Para o pastor Marcos, homofóbicos que usam o nome de Deus e de Jesus Cristo para agirem com discriminação precisam de cura. “Homossexualidade não tem cura, homofobia sim”, disse o líder da ICC, igreja que já foi alvo de pichações e até mesmo bombas, em outras unidades do Brasil.
Ivana é contundente, e chama de “canalha” quem cita Deus para discriminar. “Eu acho que eles estão tirando a beleza e a poesia do Evangelho, porque o mais lindo do Evangelho é que ele é para todos, todas e todes. Jesus não deixou de se dirigir a ninguém, ele não deixou de apoiar ninguém”, destacou.

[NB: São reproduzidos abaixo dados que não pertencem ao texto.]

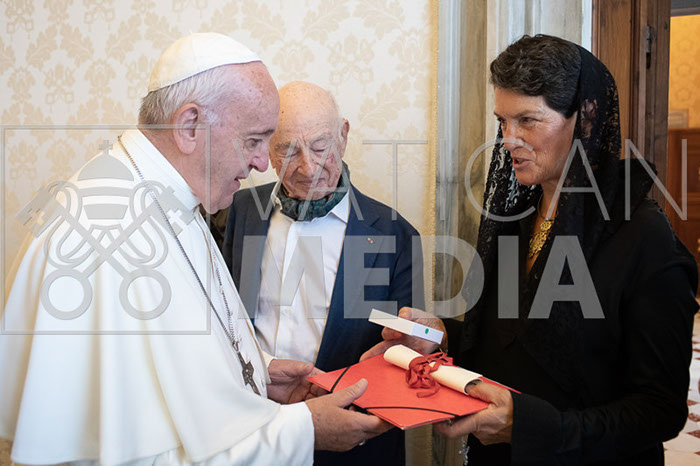 %_tempFileName03073_27062019%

Para ela, muitos desses homofóbicos são pais e mães, que vão enfrentar o seu próprio ódio voltando contra eles mesmos. “Então, onde deveria existir amor, entendimento, liberdade, você traz prisão, silenciamento, ódio, morte”, afirmou.
“Eu, primeiramente, fico triste. Não fico com raiva, são canalhas, mas eu não fico com raiva porque me dá uma tristeza imensa de ver que estão plantando, estão minando um terreno que terão que percorrer depois. Isso é muito triste. Tudo isso está fazendo com que a Igreja esteja perdendo significância”, declarou a pastora.